The British electorate supports its public broadcasting system despite the levy on televisions. A BBC survey last year found that eighty-one percent of respondents think "the Beeb" is worth the money--and many would pay more. Asked what they'd be willing to pay to keep the BBC from shutting down, the average answer was roughly double what they are paying now. For evidence as to why this might be, consider the BBC's coverage of the recent terrorist attacks on the London transit system. Baltimore Sun television critic David Zurawik noted that CNN's coverage "featured a red logo emblazoned with the words: "LONDON TERROR," and he quoted a CNN anchorwoman saying, "An eyewitness described utter pandemonium--bodies strewn around. ... People were screaming. ... They felt they were trapped like sardines essentially waiting to die." By contrast, Zurawik wrote, the BBC "provided a sense of stability even as the death toll climbed," offering an "oasis of relative calm" marked by "images of emergency workers restoring order." It should be noted, however, that there may be some problems ahead for this venerable broadcasting service. In the spring of 2005, the BBC announced plans to cut about 4,000 jobs from a workforce of about 21,000 to save some #355 million (about $670 million)--approximately 10 percent of its annual expenditure--over the next three years. Commenting on these proposed cost-saving measures, BBC director Mark Thompson said that the television license fee will only survive as the main method of funding the BBC "if the public is convinced that the corporation is spending money wisely."

In all likelihood, NPR is as close as we'll come to a domestic version of the BBC--and government funding will be a relatively small part of the picture. In fact, NPR only gets about one percent of its budget directly from Uncle Sam, although local public radio stations, which get about thirteen percent of their funds from Washington, use some of this money to pay NPR for programming. But while public radio in this country gets by on relatively little government money, it benefits from having a diversified funding base. Local public radio stations get about a third of their money from listener contributions and another quarter from corporate and foundation grants.

NPR has even established a foundation to raise an endowment for itself (PBS has more recently done likewise), and over the years has garnered funds from the Ford, Ahmanson and MacArthur foundations, among other sources. In 2003, it announced what has amounted to a $230 million gift from the estate of Joan B. Kroc, the San Diego philanthropist and widow of McDonald's tycoon Ray Kroc. The Kroc gift has enabled NPR to hire more journalists and expand its news coverage, which now involves 350 full and part-time employees and an annual news budget of $50 million. Local public radio stations provide news and public affairs programming of their own as well. NPR's Klose notes the contrast to for-profit radio: "Radio is completely finished as a reporting medium on the commercial side."

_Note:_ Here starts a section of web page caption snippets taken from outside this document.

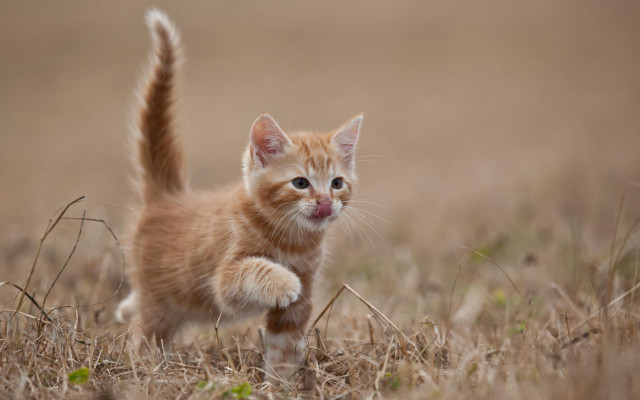 Small kitten walking dry grass #3 free wallpaper - medium preview image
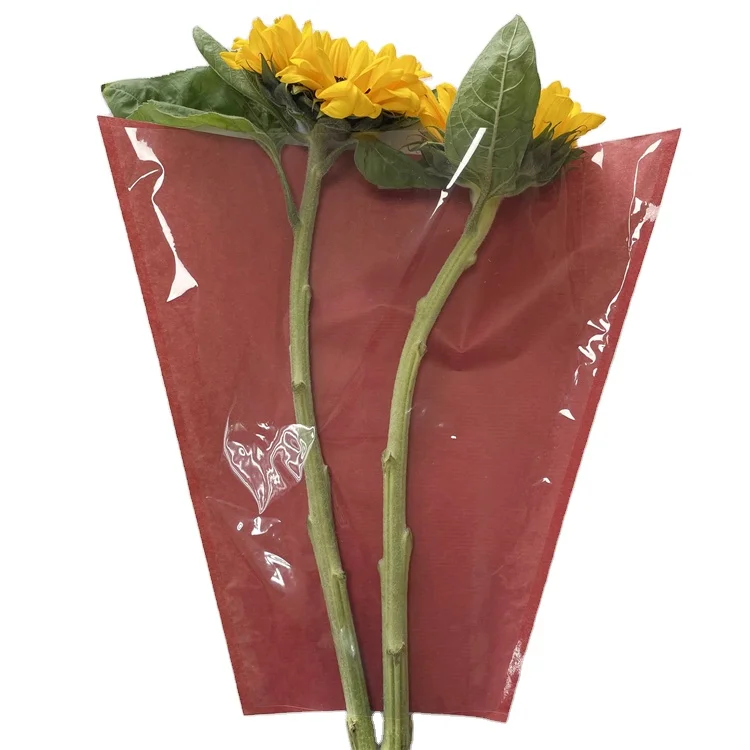 High quality printing transparent waterproof flower bouquet bag plastic transparent packaging bag
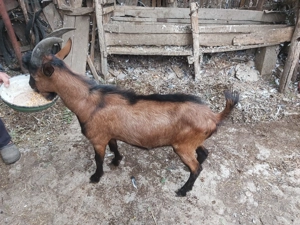 Tap (ied de 8 luni) alpin francez - imagine 2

Unfortunately, the news about commercial news coverage generally is not good. The Project for Excellence in Journalism (PEJ), in its 2004 survey of the industry, "found that most sectors of the news media have seen clear cutbacks in newsgathering resources," according to Tom Rosenstiel and Amy Mitchell of the PEJ and Bill Kovach of the Committee of Concerned Journalists. The number of newspaper newsroom staffers shrunk by 2,000 between 2000 and 2004, a drop of 4 percent overall. Some major online news sites saw much deeper cuts, such as MSNBC, which cut around a quarter of its staff between 2001 and 2003. Radio newsroom staffing declined by 57 percent from 1994 to 2001. After an uptick in 1999, network staffing began to drop again in 2000. Since 1985 the number of network news correspondents has declined by 35 percent while the number of stories per reporter increased by 30 percent.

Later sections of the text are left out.